In Life, the International Space Station is crewed by six movie movie star astronauts. Ryan Reynolds plays Deadpool, who brings soil samples straight from Mars on board to study. They discover a single celled organism that quickly - and I mean quickly - grows and involves into a tentacled starfish the size of a large pizza box in a matter of weeks. The Martian is kind of like Starro the Conquerer from DC Comics, so we'll just call it Starro from here on out. At first benign when it's just a miraculous little microscopic dot confined to a quarantined lab, Starro suddenly becomes incredibly violent and starts murdering the astronauts, crawling inside them as if all evil starfish on Mars have seen the Alien movies. Reynolds locks himself in the lab with Starro and tries to roast it with a blowtorch, but Starro takes out Deadpool and does him in from the inside out.
The rest of the astronauts, including Jake Gyllenhaal and Rebecca Ferguson, scramble to figure out how to lock Starro out of the ISS. But that insidious Martian starfish outsmarts their best science-y efforts at every turn and starts picking off the crew in grotesque ways. Then, and here's when Life really jumped the shark, Starro grows an evil alien face so it can have eye-to-eye staredowns with the humans. It soon becomes clear, especially when Earth receives the ISS's distress beacon and Starro massacres the crew of the rescue ship that docks with the station, that there's no way to beat Starro. The only thing that matters now is to keep it from reaching Earth.
Gyllenhaal comes up with a plan to use the last two Lifeboats to trick Starro; he'll pilot one into deep space with Starro on board and sacrifice his life to save Earth while Ferguson takes the second Lifeboat and tells the world what happened.

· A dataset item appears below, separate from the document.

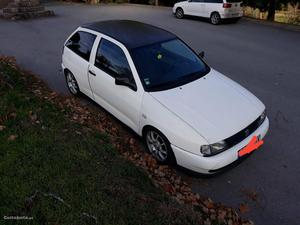 Seat Ibiza 6k Janeiro/97 - à venda - Ligeiros Passageiros,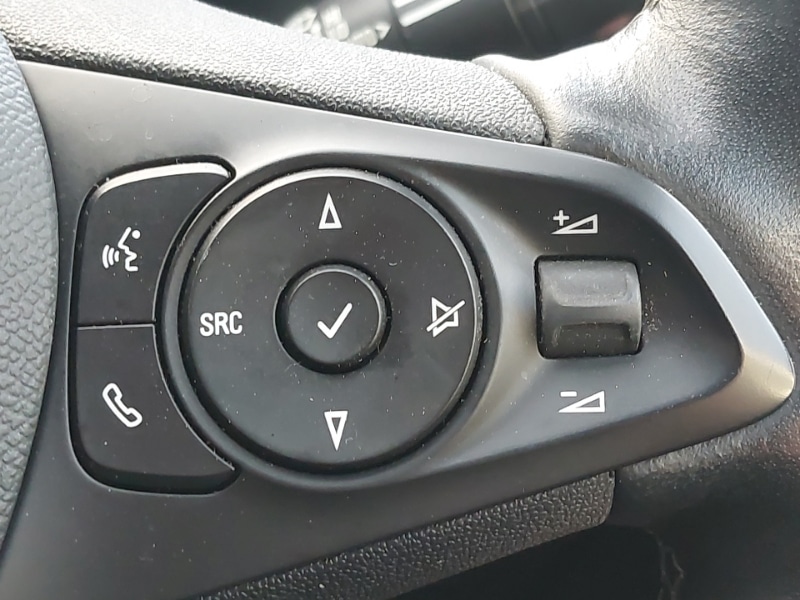 Used Vauxhall Corsa 2022 for sale - 77573254: Photo 13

This is when Life really screws us, manipulatively fooling the audience into thinking the plan is working when the exact opposite happened: Ferguson's Lifeboat got hit with debris and careened into deep space while Starro tentacle-to-arm wrestled Gyllenhaal for control of his Lifeboat and sent them both to Earth. The well-meaning fisherman in Thailand who sailed to meet the Lifeboat that landed in their waters never knew what hit them. But we know. It was Life that fucked them, and us, over.
Life was going pretty well in the beginning, seeming like a derivative, but well-shot and decently interesting science fiction story in the serious and thoughtful vein of Arrival. When Starro instantly grows into an unstoppable CGI movie monster impervious to fire or the vacuum of space while managing to outwit six super duper brainy movie star scientists at every turn, Life goes right down the shitter. All I know is Life sucks, and everyone who sees it deserves a better Life.